That's right, it's the time of year when good little boys and girls gather round for the Tax Policy Center to give us distribution tables for the upcoming fiscal year's budget. And this year is more interesting than usual, as President Obama has proposed not just his usual battery of income tax increases on the top two percent of earners (including the Buffett rule, closing of the carried interest loophole and an across-the-board limit on the rate at which one can collect itemized deductions) but a cigarette tax, designed to finance his new preschool plan.

So who does that hurt and who does it help?

Well, it depends what year you're looking at. For households making over $200,000 a year, 2015 doesn't look all that different from 2023. In 2015, those making over a million a year will have 3.8 percent less after-tax income; in 2023, they'll have 3.7 percent less.

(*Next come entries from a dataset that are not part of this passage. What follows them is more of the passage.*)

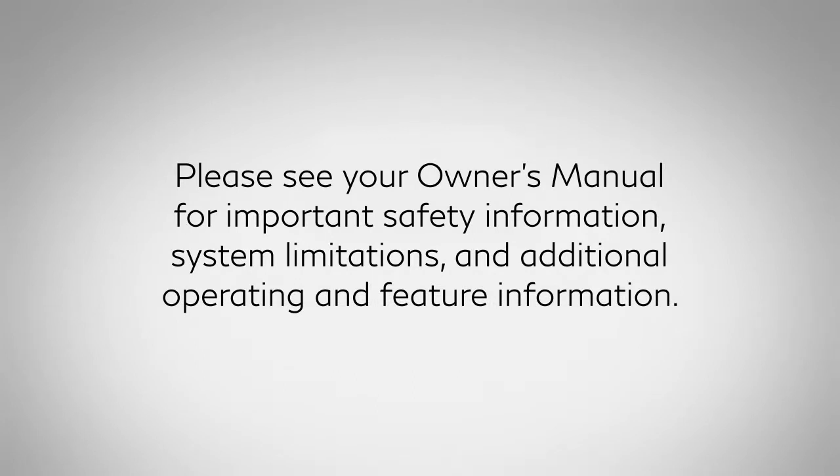Please see your Owner's Manual for important safety information, system limitations, and additional operating and feature information.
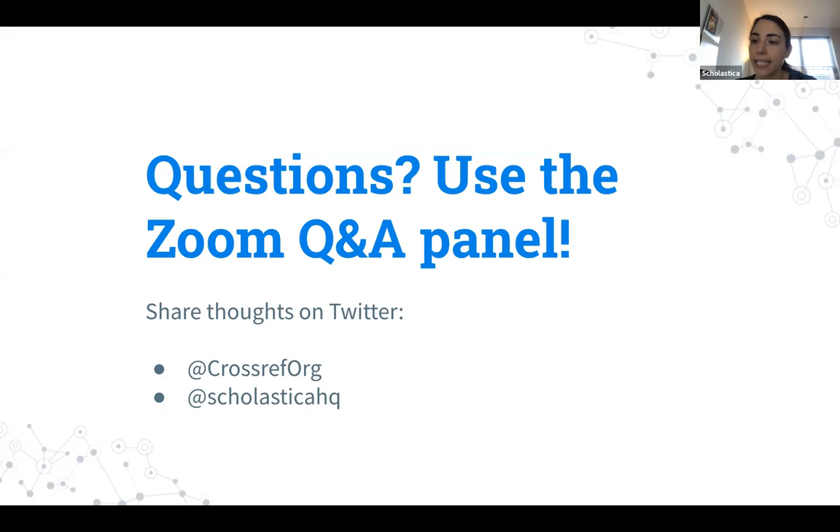With that we're going to wrap up. Thank you to everybody for taking the time to join us today, and thank you to our speakers. If you have additional questions, feel free to tweet at us — you can find CrossRef and Scholastica on Twitter. Be sure to explore the many great resources available on this topic: CrossRef has a plethora of great literature on all the different tools Anna discussed, and Scholastica has a blog with content related to journal discovery and metadata. We hope you have a great rest of the day. Thank you for joining us!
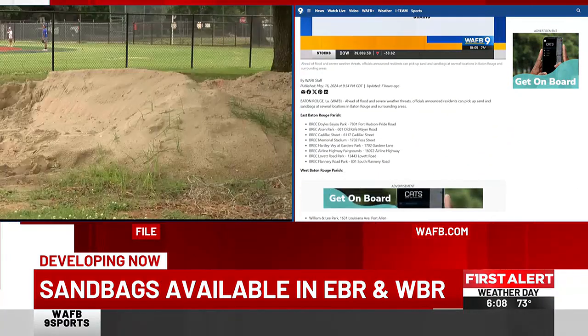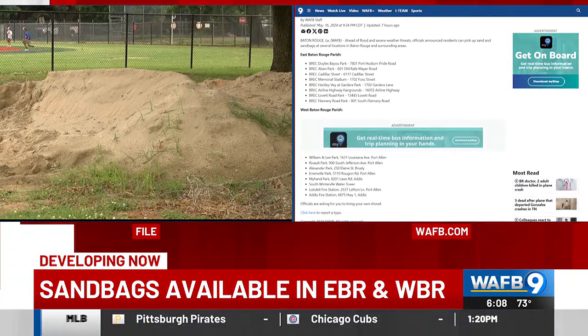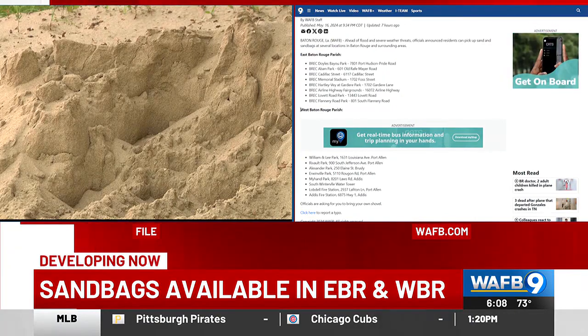The bags and sand are provided, but you're asked to bring your own shovel and do the work yourself — just get what you need. You can find the full list of sandbag locations parish by parish at wafb.com.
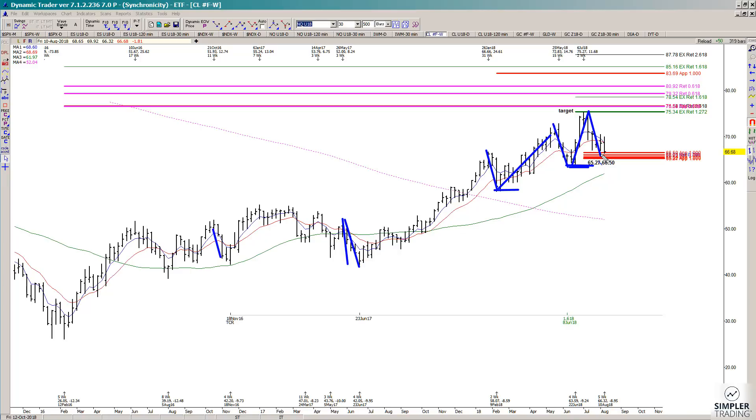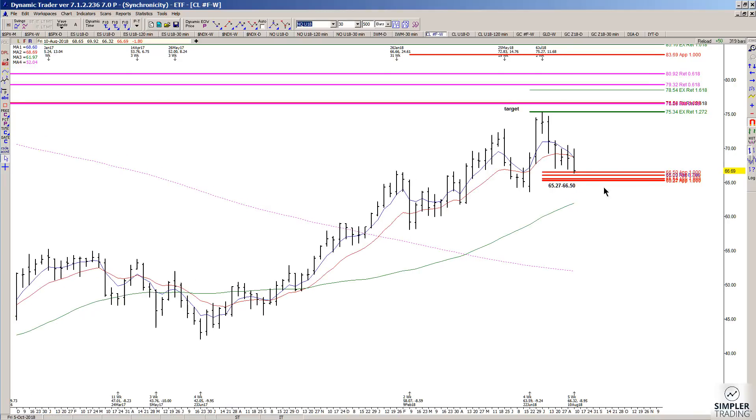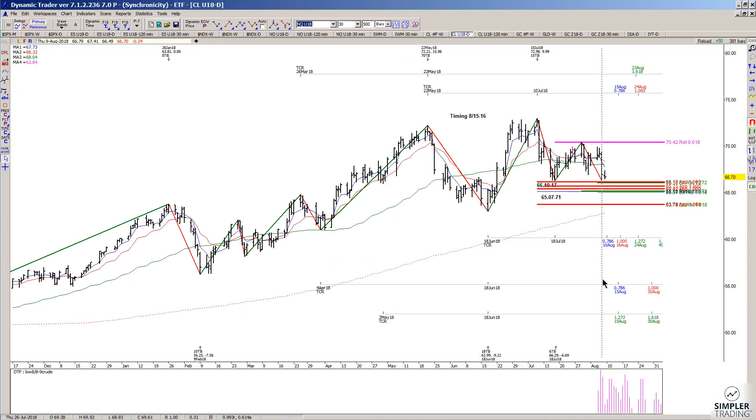Just because it held in the past does not mean that it's going to hold this time around, but it's well worth knowing that we are once again on top of a support decision, at least via the weekly chart in Crude Oil. I'm not seeing any buy triggers against this just yet — but how about the daily chart?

But for the very poor they look incredibly different. In 2015, households making under $30,000 a year would all lose about 0.3 percent of their after-tax income. Those making under $10,000 a year would pay $18 more a year on average; those making between $10,000 and $20,000 would pay $43 more; and those making between $20,000 and $30,000 would pay $67 more.

But in 2023, those same households would actually make money relative to current law. Those making under $10,000 a year would get 2.7 percent more in after-tax income, for an average savings of $173. What's going on?

Well, the initial tax increase is easy to explain. That's the cigarette tax increase, which tends to hit poorer Americans more, as they're likelier to smoke. But the sudden big tax cut in 2023 isn't really a cut at all.

As part of the fiscal cliff deal, the Obama administration secured the extension of a number of tax credit modifications included in the stimulus package, which make the Earned Income Tax Credit and Child Tax Credit more generous, and allow the American Opportunity Tax Credit to not expire. The Tax Policy Center's baseline assumes those credits go away starting in 2018, as they do under current law. Obama's budget keeps them, which shows up as a big tax cut for the poor compared to the TPC's baseline. But really he's just continuing current policy. To be sure, it was a significant cut when Obama first signed it back in 2009, but nothing new is happening here.

Thanks to Donald Marron at TPC for walking me through the tax credit point.